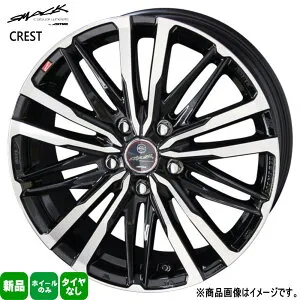 4本セット 17×7.0J+48 5/114.3 共豊コーポレーション SMACK CREST スマック クレスト 新品 17インチ ホイールのみ CH-R ヤリスクロス CX-5 CX-8 キックス レヴォーグ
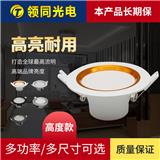 照明燈具知識大解析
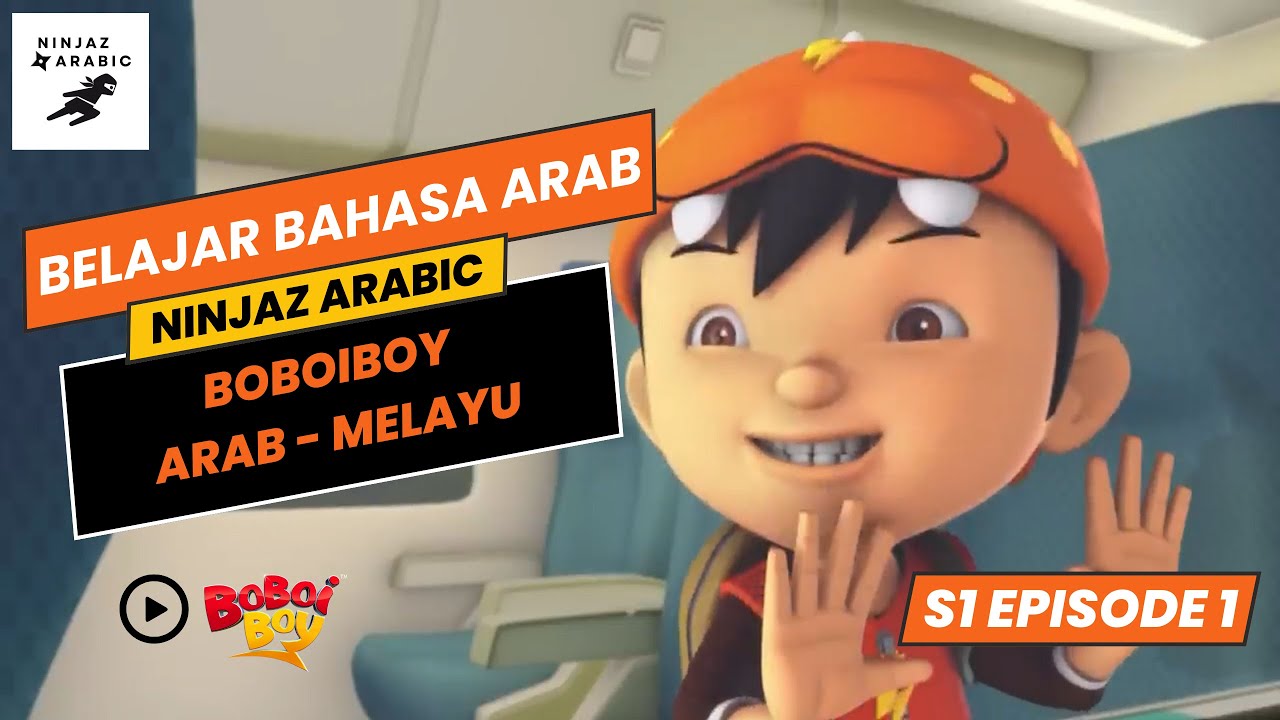 BoboiBoy Bahasa Arab S01E01 | Ninjaz Arabic
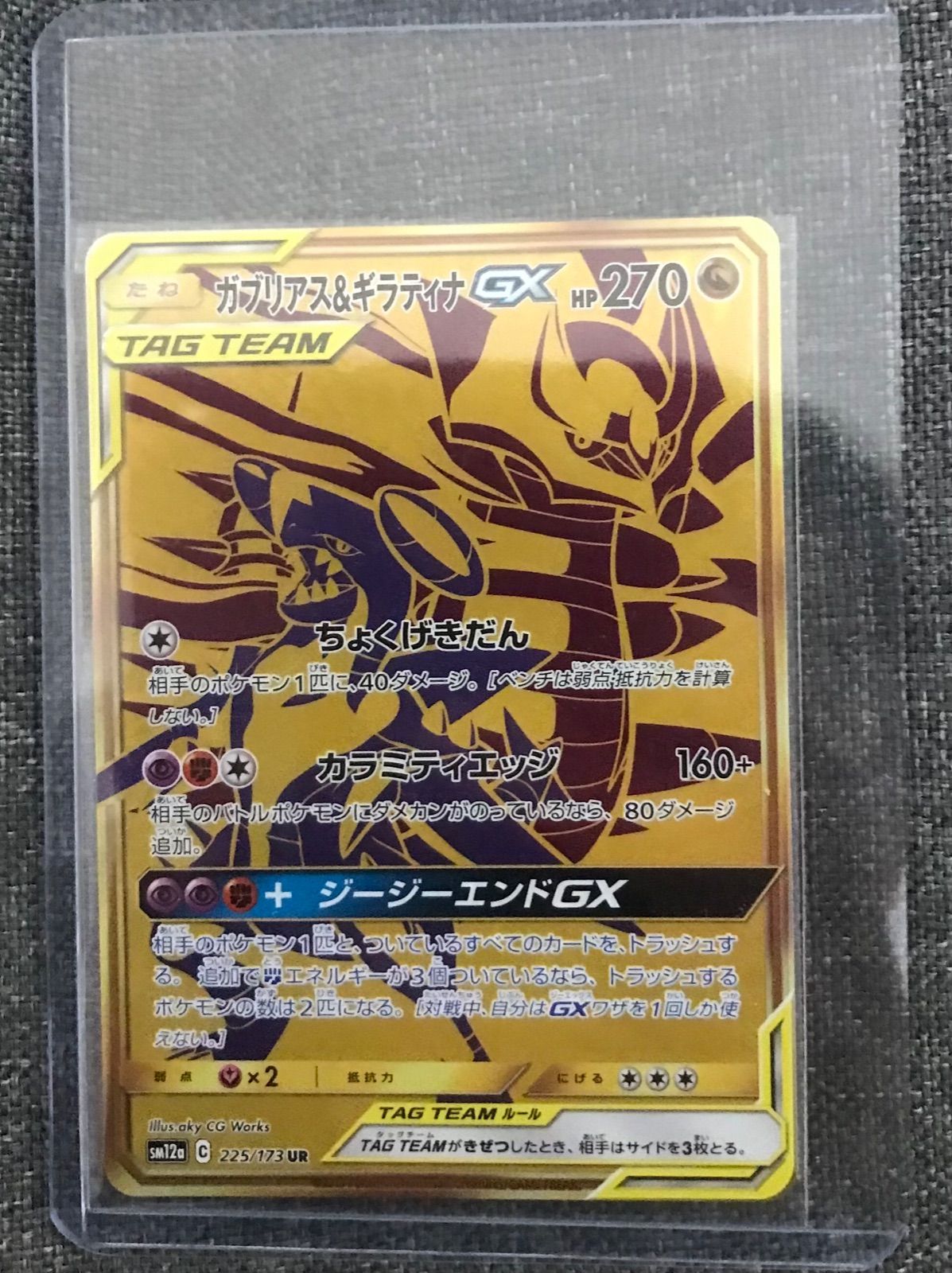 超爆安 ポケモンカード ガブリアスギラティナGX UR ecousarecycling.com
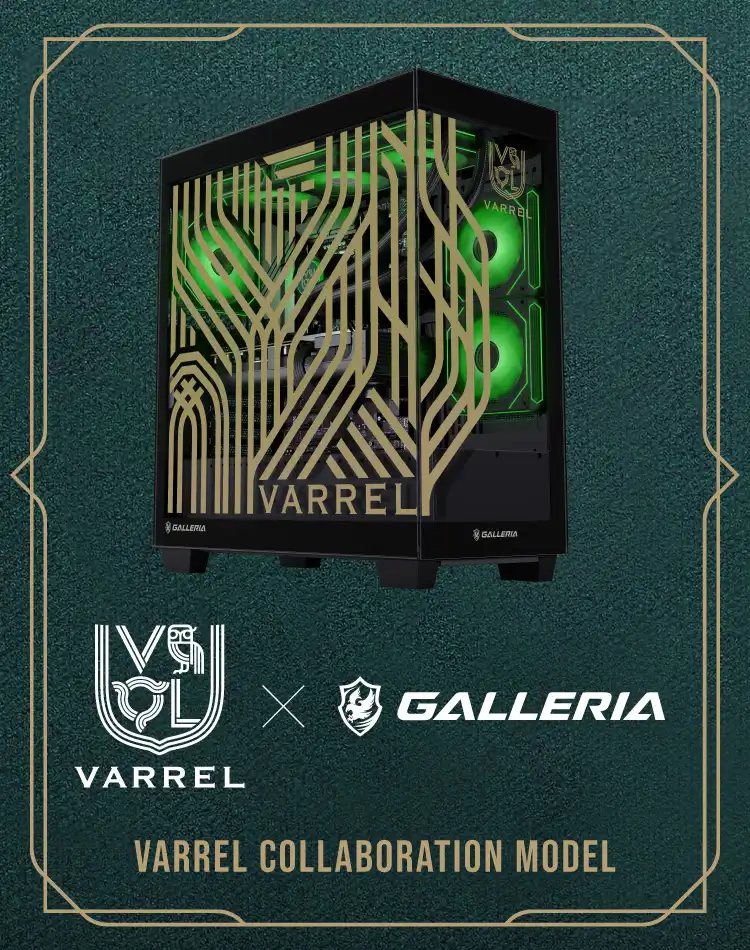 VARRELコラボ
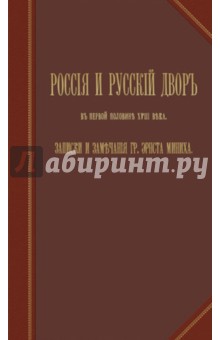 Россия и русский двор обложка книги Россия и русский двор обложка книги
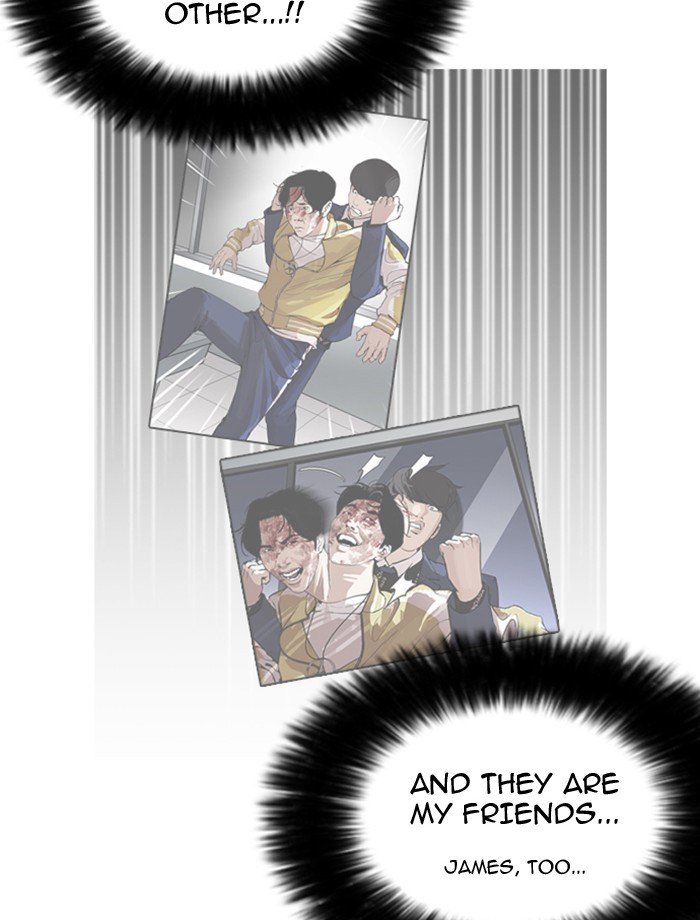 Page 34 of Chapter 172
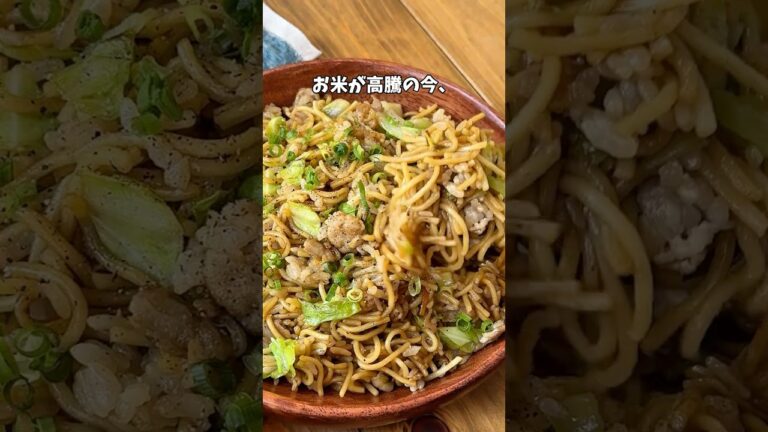 【旨みたっぷりそば飯】 #簡単レシピ #おうちごはん #料理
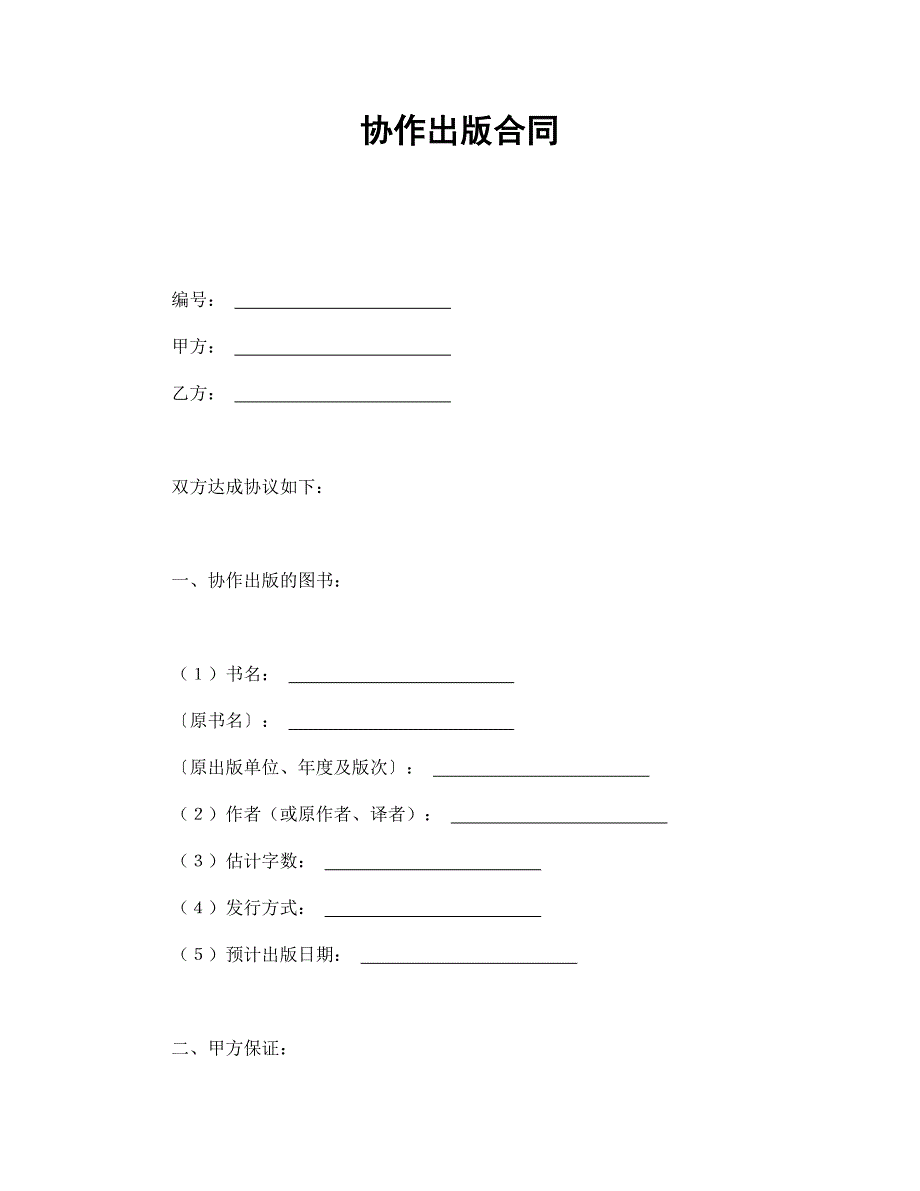 協(xié)作出版合同_第1頁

•••••

#### Action item
Reproduce the material above exactly, but only from the line with "Россия и русский двор обложка книги Россия" through its last line, leaving pictures out.

#### Solution
 Россия и русский двор обложка книги Россия и русский двор обложка книги
 Page 34 of Chapter 172
 【旨みたっぷりそば飯】 #簡単レシピ #おうちごはん #料理
 協(xié)作出版合同_第1頁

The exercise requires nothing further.